Map/Reduce/Filter Algorithm in Java
A look at implementing the Map/Filter/Reduce algorithm in Java using helper classes and the Stream API.
Pre-requisites:
The Problem:
List of users - find the average age of people above the age of 20
- Map: to extract all ages, changes the type of list, not size
- Filter: to extract all ages > 20, changes the size of list, not type
- Reduce: aggregates
Java 7 - Helper Classes
List<Person> list = .....;
List<Integer> ages = Lists.map(list, element -> element.getAge());
List<Integer> agesGT20 = Lists.filter(ages, element -> element > 20);
int sum = Lists.reduce(agesGT20, (a1, a2) -> a1+ a2);
Using static methods on the factory class Lists
(does not exist yet). We push the data and lambdas to the API which does the computation for us. Easy and efficient.
Great parallelization, given that
- associativity holds (not enforced by compiler or JVM)
- The reduction should have an identity element. Not all have though (max = 0 will fail for negative). For reductions not having one,
Optional
s have been introduced which are wrapper types which can be empty.
Caveats
- Duplicates lists -> increases memory conception
Stream API
Generating a stream that consumes the elements.
First Pattern
Prints out numbers > 20.
list.stream()
.map(element -> element.getAge())
.filter(element -> element > 20)
.forEach(System.out::println);
3 different streams are generated at the first 3 steps.
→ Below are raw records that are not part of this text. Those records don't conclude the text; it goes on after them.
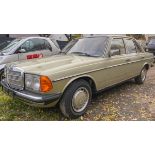 Mercedes-Benz W123 Limosine (Baujahr 1980)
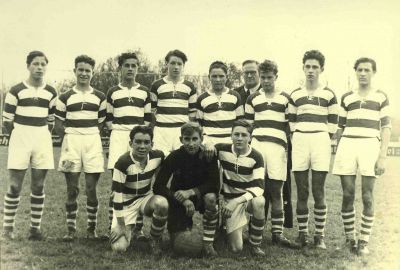 A-Jugend VfB Waldshut 1951
Die Bildunterschrift im Original Bilderrahmen lautet:
Die A-Jugend des VfB Waldshut wünscht ihrem Jugendleiter F. Mayer ein frohes Fest - Weihnachten 1951
Von links: J. Buck, Ernst Stoll, W. Dannenberger, Lothar Baumstark, H. Heinzel, Ferdinand Mayer, G. Koschinsky, W. Nömer, P. Bregulla.. Kniend: G. Funk, S. Brauner, Max Eichkorn.

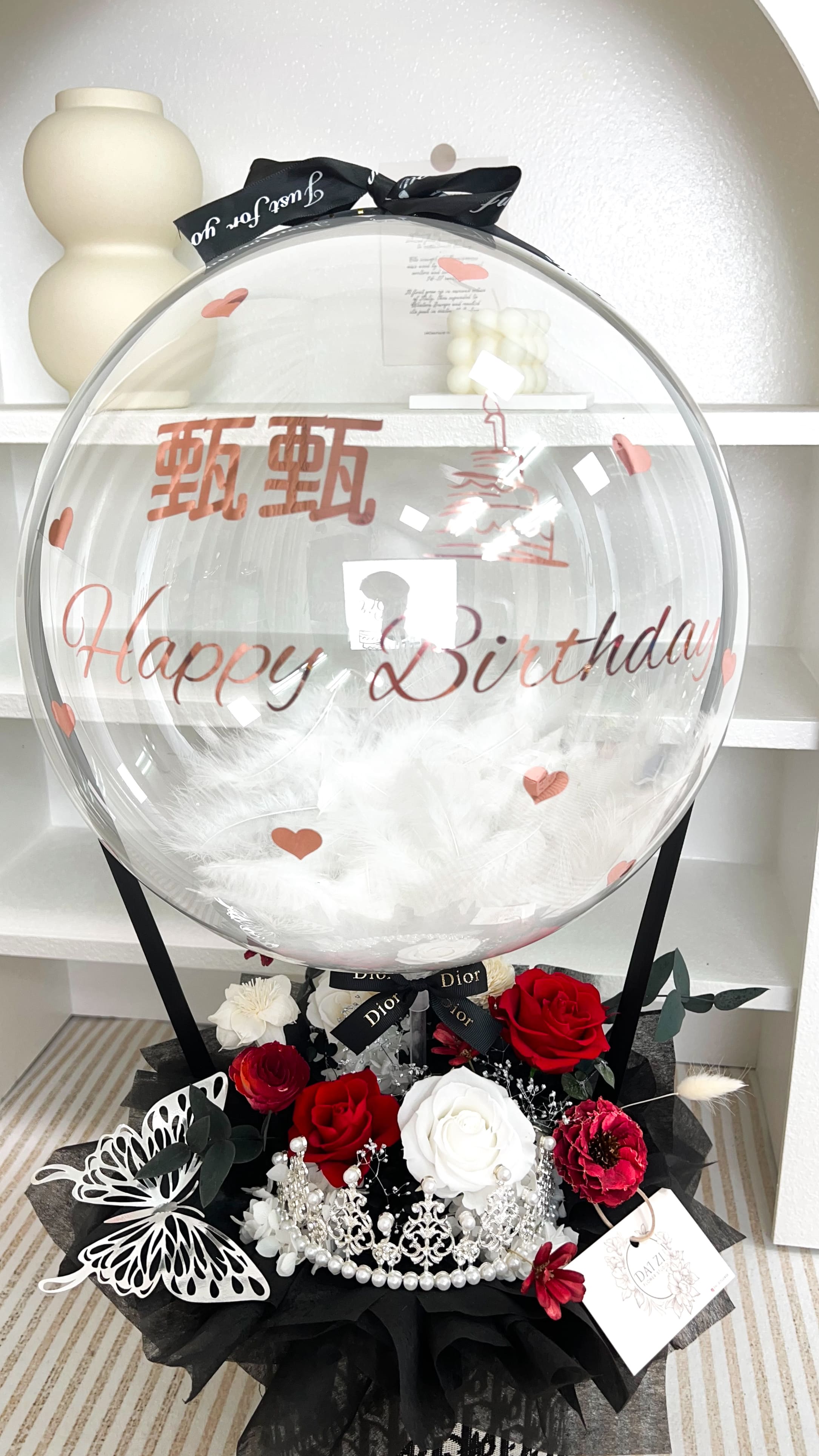 台北客製化永生花 DAIZI 代紫花藝,紅白色精品玫瑰抱抱桶細節,高品質週年紀念禮物推薦,台北中山區精品花藝工作室。
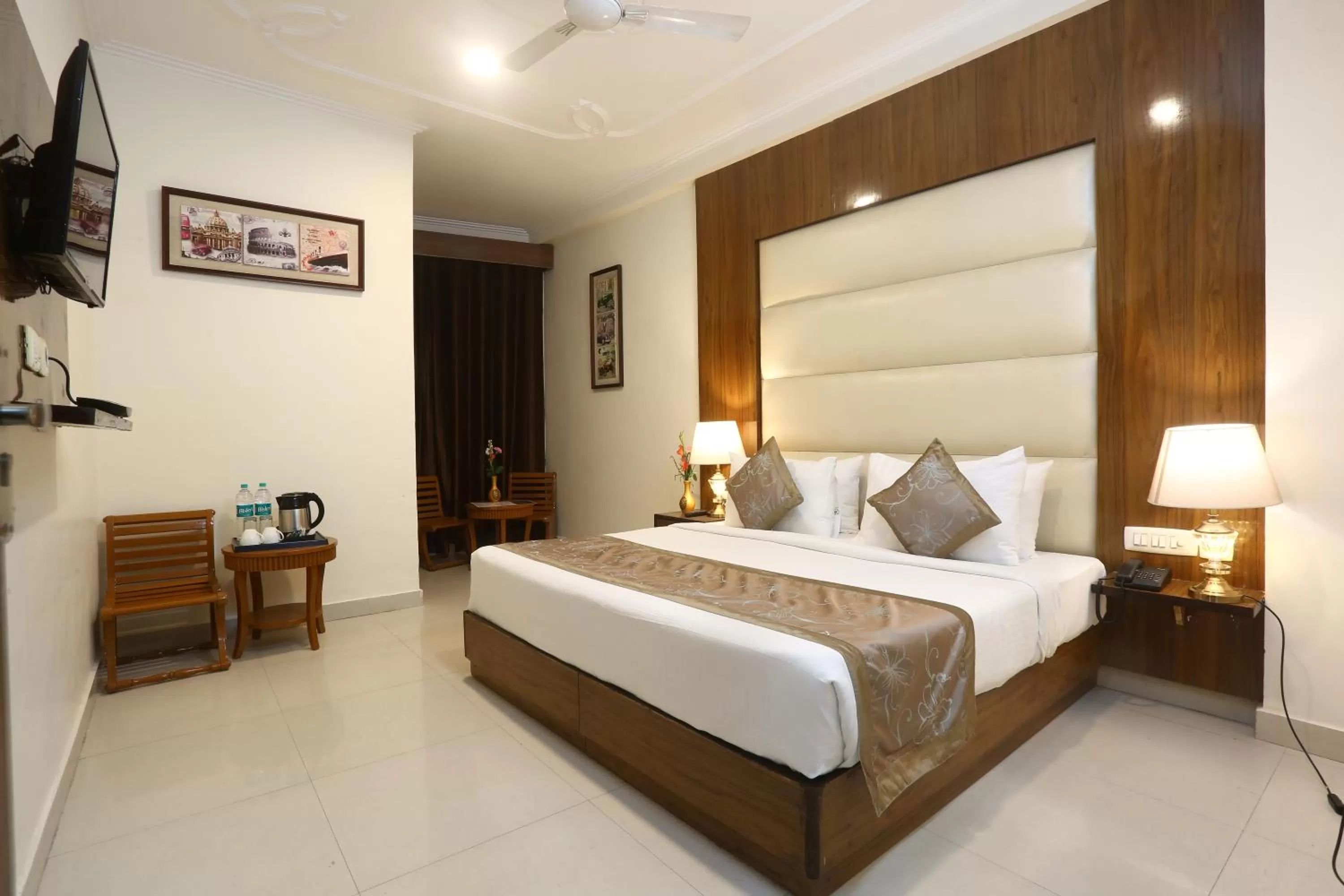 Deluxe Double Room - single occupancy in Hotel Earth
This is not a costly operation as the streams do not hold elements -> they simply process them.
Second Pattern
Prints out numbers > 20.
list.stream()
.map(element -> element.getAge())
.peek(System.out::println)
.filter(element -> element > 20)
.forEach(System.out::println);
To print the intermediate result after mapping, forEach
cannot be used as it does not return anything. peek
does the same except that it also returns the stream as received to it in addition to passing the stream elements one by one to the Consumer specified to it.
Third Pattern
list.stream()
.map(element -> element)
.filter(element -> element > 20)
.mapToInt(element -> element)
.average()
mapToInt
is needed because average()
takes an int
Stream, not an Integer
Stream.